Revoking the 60-year-old rule eliminates a bedrock civil rights protection for American workers, signaling an effort to target workplace issues that go beyond DEI, labor experts say. While DEI is shorthand for programs that encourage equality in the workplace for women, minorities and other groups, the Equal Employment Opportunity rule prohibited federal contractors from engaging in acts of discrimination, such as refusing to hire someone due to their race or paying an employee less because of their gender.

[Emphasis added.]

Trump’s executive order “Ending Illegal Discrimination and Restoring Merit-Based Opportunity.” Highlighting added.

In reality, experience has taught us that we can best achieve merit-based opportunity by preventing discrimination that is based on completely irrelevant factors like race and religion and gender.

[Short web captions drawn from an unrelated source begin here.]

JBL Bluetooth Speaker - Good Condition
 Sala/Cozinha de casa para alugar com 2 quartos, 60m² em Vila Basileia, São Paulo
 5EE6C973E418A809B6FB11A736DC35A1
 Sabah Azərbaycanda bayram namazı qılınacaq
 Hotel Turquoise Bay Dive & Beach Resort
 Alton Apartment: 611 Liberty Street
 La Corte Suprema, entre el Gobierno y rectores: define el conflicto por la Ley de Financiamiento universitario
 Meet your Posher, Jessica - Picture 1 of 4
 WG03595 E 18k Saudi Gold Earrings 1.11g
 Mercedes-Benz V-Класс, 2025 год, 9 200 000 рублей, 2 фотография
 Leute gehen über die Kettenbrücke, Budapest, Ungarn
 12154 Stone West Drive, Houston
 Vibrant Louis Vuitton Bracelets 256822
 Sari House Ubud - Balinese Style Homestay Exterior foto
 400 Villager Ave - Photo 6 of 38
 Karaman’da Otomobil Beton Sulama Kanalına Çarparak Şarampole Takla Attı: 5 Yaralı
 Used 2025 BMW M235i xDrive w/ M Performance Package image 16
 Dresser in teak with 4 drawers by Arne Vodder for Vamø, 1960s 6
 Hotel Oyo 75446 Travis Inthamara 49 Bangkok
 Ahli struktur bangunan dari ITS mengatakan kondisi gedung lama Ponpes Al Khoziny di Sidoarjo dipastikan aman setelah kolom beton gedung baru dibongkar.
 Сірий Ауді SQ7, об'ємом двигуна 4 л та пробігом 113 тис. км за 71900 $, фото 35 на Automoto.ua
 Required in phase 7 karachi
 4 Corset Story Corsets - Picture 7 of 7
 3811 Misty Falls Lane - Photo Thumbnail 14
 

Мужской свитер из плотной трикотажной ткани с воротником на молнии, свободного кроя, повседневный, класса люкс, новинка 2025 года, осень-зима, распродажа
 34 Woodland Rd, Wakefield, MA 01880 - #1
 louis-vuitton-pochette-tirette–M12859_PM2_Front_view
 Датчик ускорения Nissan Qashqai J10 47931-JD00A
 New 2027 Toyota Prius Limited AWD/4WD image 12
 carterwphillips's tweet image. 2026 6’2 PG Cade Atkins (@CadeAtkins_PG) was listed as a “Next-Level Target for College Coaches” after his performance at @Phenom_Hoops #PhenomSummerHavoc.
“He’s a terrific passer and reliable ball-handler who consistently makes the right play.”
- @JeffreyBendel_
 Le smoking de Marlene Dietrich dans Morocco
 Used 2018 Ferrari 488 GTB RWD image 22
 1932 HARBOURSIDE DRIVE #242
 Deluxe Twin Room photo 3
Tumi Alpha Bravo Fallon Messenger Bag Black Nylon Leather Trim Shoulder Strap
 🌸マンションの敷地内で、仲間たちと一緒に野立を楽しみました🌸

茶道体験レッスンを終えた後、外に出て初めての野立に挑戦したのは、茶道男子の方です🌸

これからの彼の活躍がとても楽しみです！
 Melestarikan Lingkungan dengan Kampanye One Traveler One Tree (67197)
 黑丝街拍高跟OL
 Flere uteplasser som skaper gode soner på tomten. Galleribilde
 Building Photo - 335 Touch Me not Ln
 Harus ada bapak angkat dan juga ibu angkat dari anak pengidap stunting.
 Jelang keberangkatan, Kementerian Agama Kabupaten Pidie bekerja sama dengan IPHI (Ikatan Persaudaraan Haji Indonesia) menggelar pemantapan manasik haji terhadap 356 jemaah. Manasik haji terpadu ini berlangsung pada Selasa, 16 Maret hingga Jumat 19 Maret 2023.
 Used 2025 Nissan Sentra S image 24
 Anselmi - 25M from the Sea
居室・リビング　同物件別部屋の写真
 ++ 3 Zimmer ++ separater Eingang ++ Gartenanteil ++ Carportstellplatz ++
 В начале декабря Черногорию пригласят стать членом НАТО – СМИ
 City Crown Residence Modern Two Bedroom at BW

It boggles the mind to fully appreciate the damage Donald Trump is committed to doing by terminating these policies:

(i) Executive Order 12898 of February 11, 1994 (Federal Actions to Address Environmental Justice in Minority Populations and Low-Income Populations);

(ii) Executive Order 13583 of August 18, 2011 (Establishing a Coordinated Government-wide Initiative to Promote Diversity and Inclusion in the Federal Workforce);

(iii) Executive Order 13672 of July 21, 2014 (Further Amendments to Executive Order 11478, Equal Employment Opportunity in the Federal Government, and Executive Order 11246, Equal Employment Opportunity); and

(iv) The Presidential Memorandum of October 5, 2016 (Promoting Diversity and Inclusion in the National Security Workforce).

(b) The Federal contracting process shall be streamlined to enhance speed and efficiency, reduce costs, and require Federal contractors and subcontractors to comply with our civil-rights laws. Accordingly:

(i) Executive Order 11246 of September 24, 1965 (Equal Employment Opportunity), is hereby revoked. For 90 days from the date of this order, Federal contractors may continue to comply with the regulatory scheme in effect on January 20, 2025.

(ii) The Office of Federal Contract Compliance Programs within the Department of Labor shall immediately cease:

(A) Promoting ‘diversity’;

(B) Holding Federal contractors and subcontractors responsible for taking ‘affirmative action’; and

(C) Allowing or encouraging Federal contractors and subcontractors to engage in workforce balancing based on race, color, sex, sexual preference, religion, or national origin.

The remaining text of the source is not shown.